BED started as a drawing. I lay on the floor and my wife drew around me. I made this silhouette into a contour map, making an approximation of the volume of my body divided into two identical halves, mirror images of each other.
The piece is roughly the same size as a king-sized double bed. I began a programme of eating that lasted three-and-a-half months, during which I ate my own volume in bread.
Before I began using my teeth I had been using bread to make marquetry collages within the crust of a slice. BREAD LINE is a loaf of bread laid out one bite at a time, taking a common object which is close to life and presenting it in the way in which we experience it. I used the most commonly bought processed white bread in Britain: 'Mother's Pride'.
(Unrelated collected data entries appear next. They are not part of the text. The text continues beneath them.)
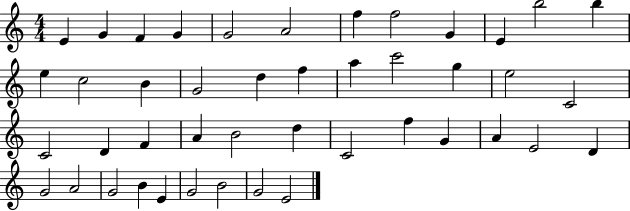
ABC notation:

X:1
T:Untitled
M:4/4
L:1/4
K:C
E G F G G2 A2 f f2 G E b2 b e c2 B G2 d f a c'2 g e2 C2 C2 D F A B2 d C2 f G A E2 D G2 A2 G2 B E G2 B2 G2 E2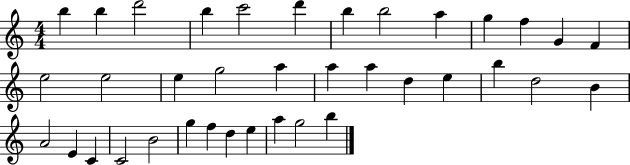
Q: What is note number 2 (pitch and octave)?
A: B5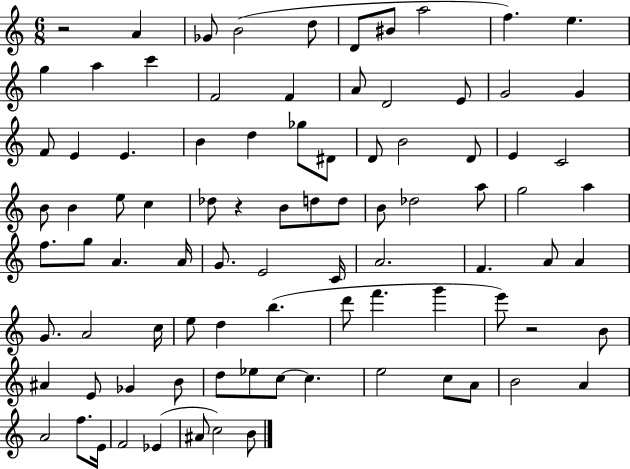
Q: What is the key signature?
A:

Bread and settled human life go together. BREAD LINE is a measuring of life, the distance we go, the distance we travel in a body, a moment at a time. Bites of bread laid out on the floor, footprints in the snow, bites in bread, traces in time.
At the same time I was making simple silhouette pieces from a single thickness of bread pieces stuck on the wall. CONSUMPTION was a play on the Assumption, and a materialised reversal of transubstantiation. MOTHER'S PRIDE imposes the memory of the foetal body on a manufactured life-supporting material. MAN MADE is a late-20th-century version of Mantegna's dead Christ.
Sculpture has traditionally been about imposing mind over matter by an act of intelligence and will. I was looking for a more natural process, and eating is the primal process by which matter is transformed into mind.